Now, the question is: what causes this discontinuity in the equations of motion? Why is interaction with a detector different than interaction with another particle? Many Worlds simply reframes this problem, but doesn't get rid of it. In MWI, you would say 'the particle moves in all universes according to the wave function, until it interacts with a detector, possibly interfering with versions of itself in other universes. Then, when it encounters the detector, the world line of the detector splits - in some universes it passes the detector, in others it doesn't. However, it no longer interacts with other versions of itself,so we must update the wave function inside the universe where it passed the detector'.
> Now, the question is: what causes this discontinuity in the equations of motion? Why is interaction with a detector different than interaction with another particle?
> Many Worlds simply reframes this problem, but doesn't get rid of it.
Maybe I'm misunderstanding. It's like asking "why is there a difference between me jumping in a swimming pool and someone else jumping in it? I don't get wet when someone else is swimming." The difference is... one of you is in the pool. It's not going to spontaneously make the other person wet.
In MWI the difference is that if it interacts with a particle, you're not entangled, the particle is. If it interacts with a detector then you're entangled. So, there is no difference except for what gets entangled.

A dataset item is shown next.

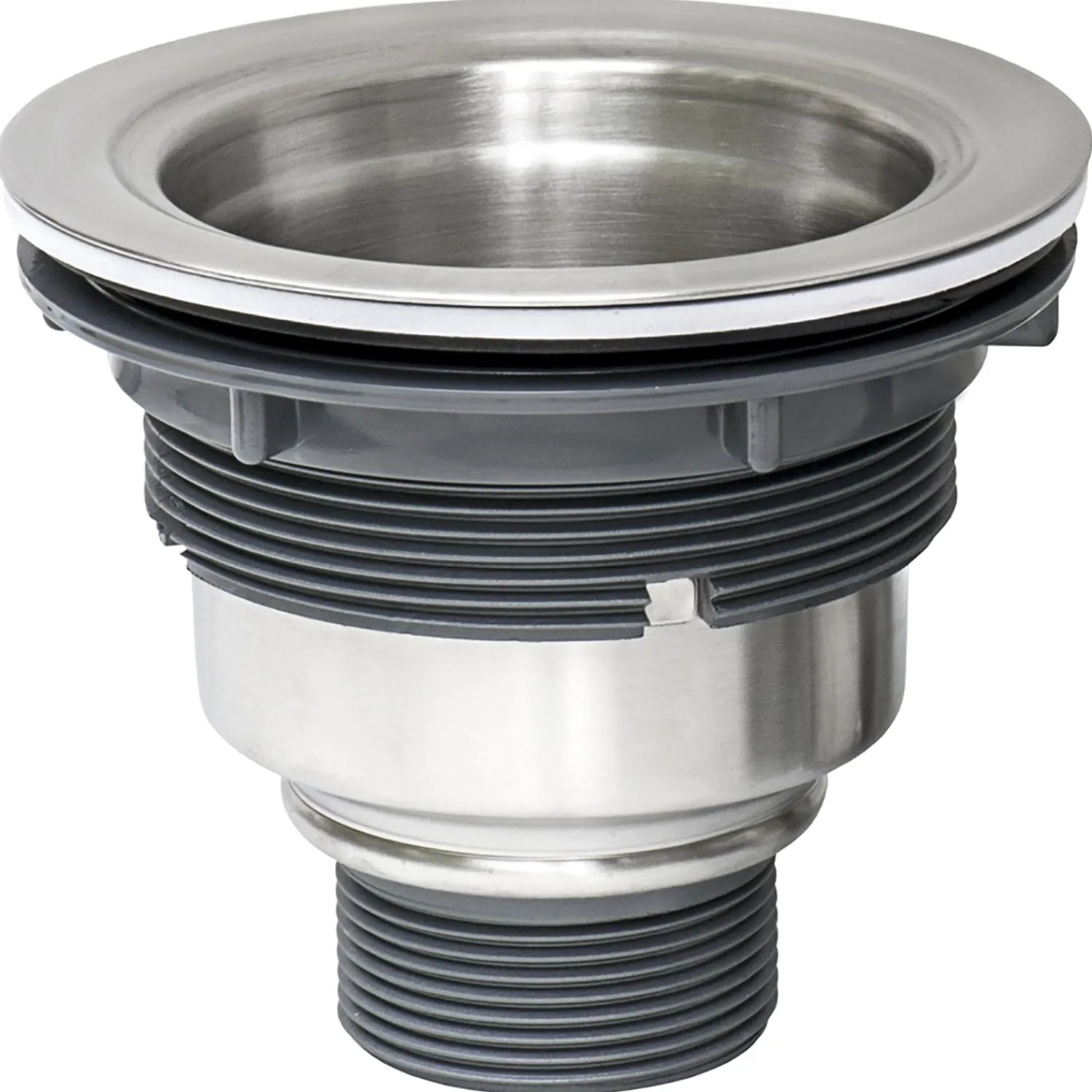 Clearance RVA1025 Kitchen Sink Basket Strainer in Stainless Steel Sink Drains, Disposer Flanges & Air Gaps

What that means is the wave function can only appear to collapse when you entangle. If some particle entangles, it will collapse for that particle and branch into a new world, but you're not in that world; for you it's still a waveform.
> In MWI the difference is that if it interacts with a particle, you're not entangled, the particle is. If it interacts with a detector then you're entangled. So, there is no difference except for what gets entangled.
I don't think that is the whole story. If you want to predict the motion of a particle correctly, you still need to update the Schrodinger equation after interaction with the detector, but not after interaction with another particle. And this is independent of whether you personally look at the detector or not, even if the detection occurs outside your light-cone. This is evident from the fact that MWI still needs both the Schrodinger equation and the Born rule to accurately predict experimental results.
> What that means is the wave function can only appear to collapse when you entangle. If some particle entangles, it will collapse for that particle and branch into a new world, but you're not in that world; for you it's still a waveform.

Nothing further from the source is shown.